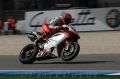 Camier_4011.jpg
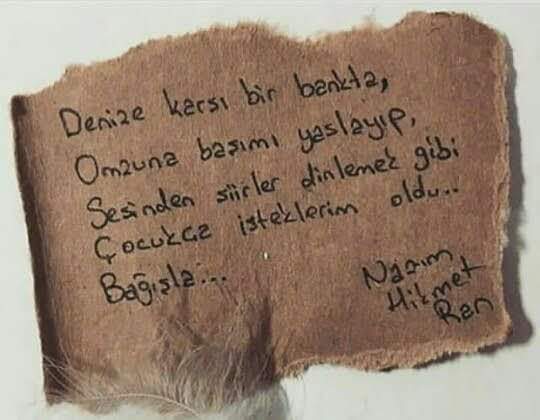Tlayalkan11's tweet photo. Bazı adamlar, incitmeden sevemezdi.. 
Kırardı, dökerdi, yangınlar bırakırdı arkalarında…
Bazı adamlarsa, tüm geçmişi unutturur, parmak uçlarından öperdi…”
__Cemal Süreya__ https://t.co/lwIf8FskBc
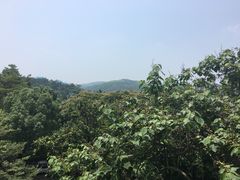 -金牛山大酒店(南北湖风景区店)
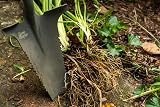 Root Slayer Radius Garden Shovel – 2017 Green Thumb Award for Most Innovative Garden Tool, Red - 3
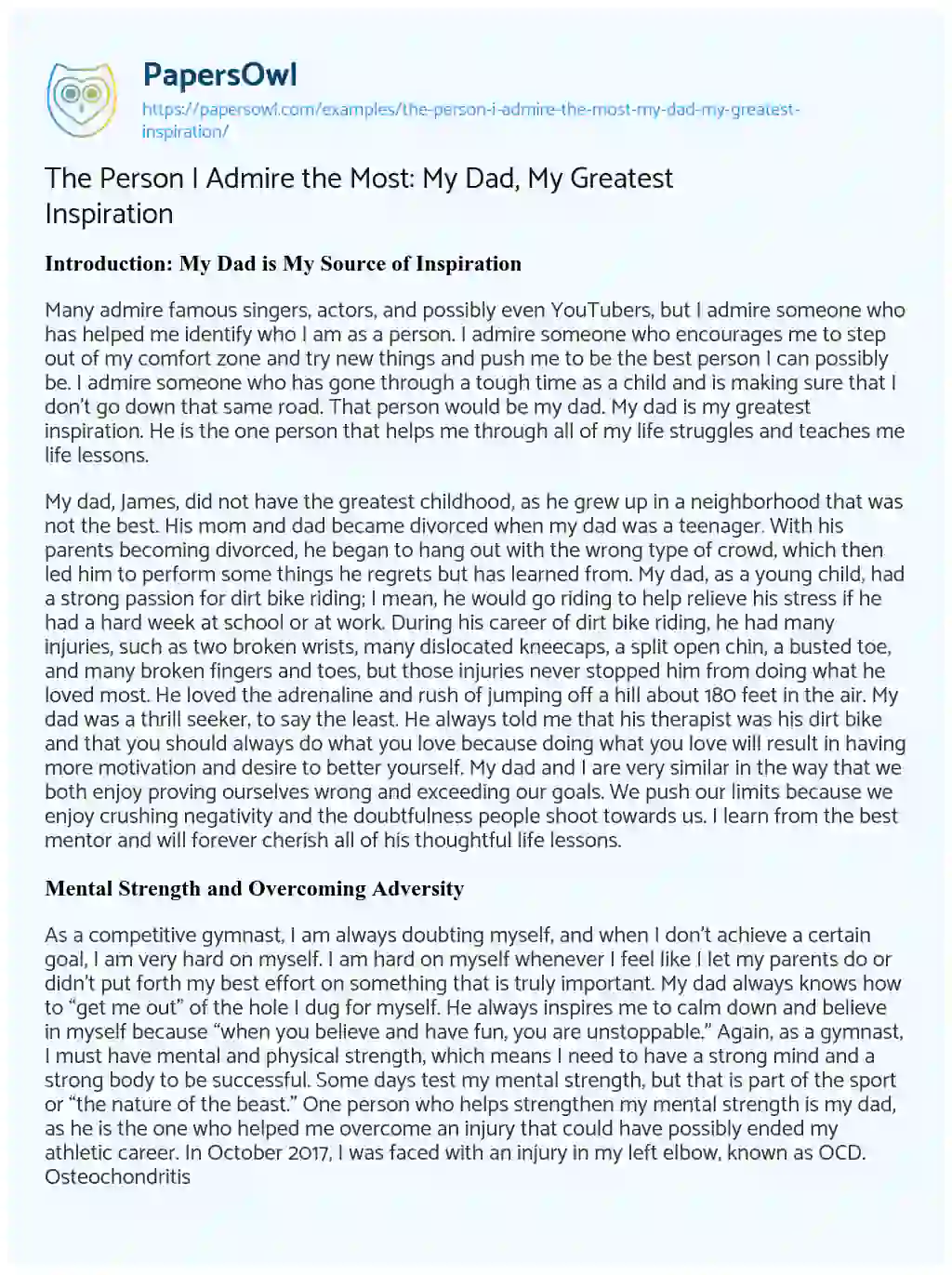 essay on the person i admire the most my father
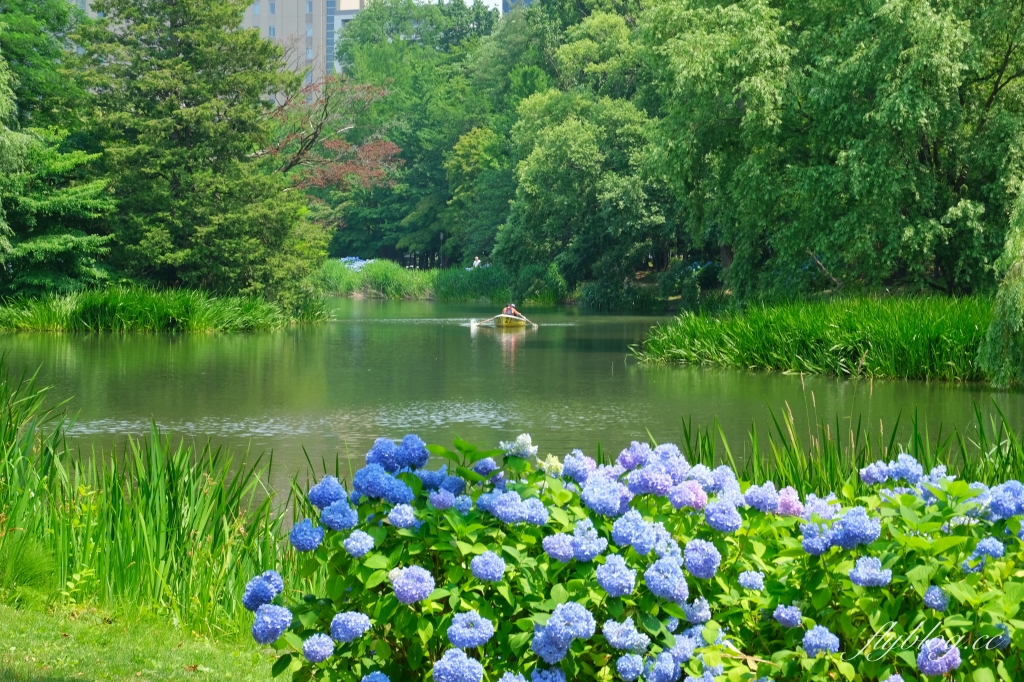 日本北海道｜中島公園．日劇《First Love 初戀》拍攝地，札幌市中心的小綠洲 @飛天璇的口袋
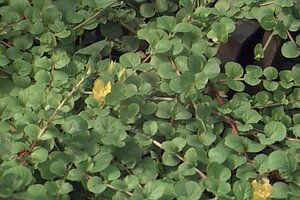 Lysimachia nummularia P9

□ □ □

Copy every record above exactly as written, but leave out the pictures.

Output for this exercise >>
 Camier_4011.jpg
Tlayalkan11's tweet photo. Bazı adamlar, incitmeden sevemezdi.. 
Kırardı, dökerdi, yangınlar bırakırdı arkalarında…
Bazı adamlarsa, tüm geçmişi unutturur, parmak uçlarından öperdi…”
__Cemal Süreya__ https://t.co/lwIf8FskBc
 -金牛山大酒店(南北湖风景区店)
 Root Slayer Radius Garden Shovel – 2017 Green Thumb Award for Most Innovative Garden Tool, Red - 3
 essay on the person i admire the most my father
 日本北海道｜中島公園．日劇《First Love 初戀》拍攝地，札幌市中心的小綠洲 @飛天璇的口袋
 Lysimachia nummularia P9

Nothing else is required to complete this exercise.